* Directions for this task
Each line from the one containing "ساعات رولكس 🤎⌚" to the final line of the listing below must be transcribed exactly; all others are left out.

Extracted records: Begin

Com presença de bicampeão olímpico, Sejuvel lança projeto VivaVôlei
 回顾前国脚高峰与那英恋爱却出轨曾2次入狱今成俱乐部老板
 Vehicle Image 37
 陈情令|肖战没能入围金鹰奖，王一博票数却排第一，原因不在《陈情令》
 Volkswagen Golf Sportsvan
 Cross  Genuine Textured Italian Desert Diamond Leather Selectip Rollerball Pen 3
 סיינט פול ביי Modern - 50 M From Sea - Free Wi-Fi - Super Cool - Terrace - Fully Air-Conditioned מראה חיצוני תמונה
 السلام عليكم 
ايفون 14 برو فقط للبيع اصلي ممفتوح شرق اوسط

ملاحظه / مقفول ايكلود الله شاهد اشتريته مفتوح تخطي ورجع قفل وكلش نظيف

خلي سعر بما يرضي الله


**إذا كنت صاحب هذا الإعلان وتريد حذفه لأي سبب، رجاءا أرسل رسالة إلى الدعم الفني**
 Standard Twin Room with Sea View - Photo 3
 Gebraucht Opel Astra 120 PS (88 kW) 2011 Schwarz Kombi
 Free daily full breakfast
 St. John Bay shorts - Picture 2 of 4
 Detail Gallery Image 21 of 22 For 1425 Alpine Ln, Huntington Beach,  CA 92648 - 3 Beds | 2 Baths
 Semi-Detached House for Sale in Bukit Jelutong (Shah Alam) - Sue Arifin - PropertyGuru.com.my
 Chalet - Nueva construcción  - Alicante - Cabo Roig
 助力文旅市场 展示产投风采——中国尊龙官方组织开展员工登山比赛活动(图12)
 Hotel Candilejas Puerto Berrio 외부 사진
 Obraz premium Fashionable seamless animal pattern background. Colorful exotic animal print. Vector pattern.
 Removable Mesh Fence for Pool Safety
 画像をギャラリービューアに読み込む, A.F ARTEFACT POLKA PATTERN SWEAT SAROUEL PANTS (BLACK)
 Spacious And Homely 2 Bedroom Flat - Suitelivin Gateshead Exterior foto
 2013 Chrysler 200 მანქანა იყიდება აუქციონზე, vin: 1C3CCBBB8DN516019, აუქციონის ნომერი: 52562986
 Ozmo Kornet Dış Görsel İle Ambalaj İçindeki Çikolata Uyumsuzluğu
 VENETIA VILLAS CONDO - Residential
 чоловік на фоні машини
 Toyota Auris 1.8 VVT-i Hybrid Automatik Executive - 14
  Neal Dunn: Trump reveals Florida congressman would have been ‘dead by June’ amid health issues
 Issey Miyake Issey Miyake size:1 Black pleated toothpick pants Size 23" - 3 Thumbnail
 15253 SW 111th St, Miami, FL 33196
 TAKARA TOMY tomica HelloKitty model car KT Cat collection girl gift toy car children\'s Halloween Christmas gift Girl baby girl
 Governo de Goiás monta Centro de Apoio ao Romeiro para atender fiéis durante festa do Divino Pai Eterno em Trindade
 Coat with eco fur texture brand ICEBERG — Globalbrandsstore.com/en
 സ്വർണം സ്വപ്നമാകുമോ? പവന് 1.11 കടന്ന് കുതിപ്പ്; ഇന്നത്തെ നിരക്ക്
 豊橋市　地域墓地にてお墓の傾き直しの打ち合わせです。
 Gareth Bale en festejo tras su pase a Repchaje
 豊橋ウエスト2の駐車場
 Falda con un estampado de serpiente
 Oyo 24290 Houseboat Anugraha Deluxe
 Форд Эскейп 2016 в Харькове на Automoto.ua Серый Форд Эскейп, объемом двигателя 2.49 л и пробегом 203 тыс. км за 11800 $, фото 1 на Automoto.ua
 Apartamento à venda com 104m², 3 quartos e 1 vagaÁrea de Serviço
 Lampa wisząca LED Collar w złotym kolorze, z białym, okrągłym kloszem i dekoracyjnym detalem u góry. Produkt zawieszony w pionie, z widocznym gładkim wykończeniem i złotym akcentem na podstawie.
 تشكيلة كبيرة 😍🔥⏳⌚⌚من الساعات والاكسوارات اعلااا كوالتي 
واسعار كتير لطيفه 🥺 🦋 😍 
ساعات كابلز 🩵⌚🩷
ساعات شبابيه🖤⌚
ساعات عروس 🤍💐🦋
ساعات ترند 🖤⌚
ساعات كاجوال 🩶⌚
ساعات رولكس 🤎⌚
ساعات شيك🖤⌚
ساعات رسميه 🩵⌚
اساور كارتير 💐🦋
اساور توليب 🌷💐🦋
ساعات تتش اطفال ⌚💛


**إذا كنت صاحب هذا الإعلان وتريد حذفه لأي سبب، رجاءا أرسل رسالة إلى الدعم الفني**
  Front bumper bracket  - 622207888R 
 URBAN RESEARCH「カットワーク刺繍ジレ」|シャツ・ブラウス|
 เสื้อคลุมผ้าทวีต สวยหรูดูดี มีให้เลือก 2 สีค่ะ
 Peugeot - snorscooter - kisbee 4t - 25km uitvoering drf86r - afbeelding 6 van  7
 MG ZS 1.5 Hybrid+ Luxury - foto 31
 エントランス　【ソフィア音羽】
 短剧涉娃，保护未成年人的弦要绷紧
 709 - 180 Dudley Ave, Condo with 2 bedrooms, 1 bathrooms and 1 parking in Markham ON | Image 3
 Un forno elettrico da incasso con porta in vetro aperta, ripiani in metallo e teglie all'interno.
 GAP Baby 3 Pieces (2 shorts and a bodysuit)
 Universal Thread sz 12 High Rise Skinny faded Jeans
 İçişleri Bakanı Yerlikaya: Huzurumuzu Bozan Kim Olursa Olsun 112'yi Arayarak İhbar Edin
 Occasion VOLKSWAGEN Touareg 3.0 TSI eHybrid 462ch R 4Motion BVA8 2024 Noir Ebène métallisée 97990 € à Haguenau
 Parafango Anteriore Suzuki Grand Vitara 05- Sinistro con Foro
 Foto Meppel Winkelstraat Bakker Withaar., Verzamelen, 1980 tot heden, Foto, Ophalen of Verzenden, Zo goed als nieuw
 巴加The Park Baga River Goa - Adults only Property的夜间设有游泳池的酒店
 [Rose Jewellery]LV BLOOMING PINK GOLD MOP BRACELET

Extracted records: End

* Response to the task
ساعات رولكس 🤎⌚
ساعات شيك🖤⌚
ساعات رسميه 🩵⌚
اساور كارتير 💐🦋
اساور توليب 🌷💐🦋
ساعات تتش اطفال ⌚💛


**إذا كنت صاحب هذا الإعلان وتريد حذفه لأي سبب، رجاءا أرسل رسالة إلى الدعم الفني**
  Front bumper bracket  - 622207888R 
 URBAN RESEARCH「カットワーク刺繍ジレ」|シャツ・ブラウス|
 เสื้อคลุมผ้าทวีต สวยหรูดูดี มีให้เลือก 2 สีค่ะ
 Peugeot - snorscooter - kisbee 4t - 25km uitvoering drf86r - afbeelding 6 van  7
 MG ZS 1.5 Hybrid+ Luxury - foto 31
 エントランス　【ソフィア音羽】
 短剧涉娃，保护未成年人的弦要绷紧
 709 - 180 Dudley Ave, Condo with 2 bedrooms, 1 bathrooms and 1 parking in Markham ON | Image 3
 Un forno elettrico da incasso con porta in vetro aperta, ripiani in metallo e teglie all'interno.
 GAP Baby 3 Pieces (2 shorts and a bodysuit)
 Universal Thread sz 12 High Rise Skinny faded Jeans
 İçişleri Bakanı Yerlikaya: Huzurumuzu Bozan Kim Olursa Olsun 112'yi Arayarak İhbar Edin
 Occasion VOLKSWAGEN Touareg 3.0 TSI eHybrid 462ch R 4Motion BVA8 2024 Noir Ebène métallisée 97990 € à Haguenau
 Parafango Anteriore Suzuki Grand Vitara 05- Sinistro con Foro
 Foto Meppel Winkelstraat Bakker Withaar., Verzamelen, 1980 tot heden, Foto, Ophalen of Verzenden, Zo goed als nieuw
 巴加The Park Baga River Goa - Adults only Property的夜间设有游泳池的酒店
 [Rose Jewellery]LV BLOOMING PINK GOLD MOP BRACELET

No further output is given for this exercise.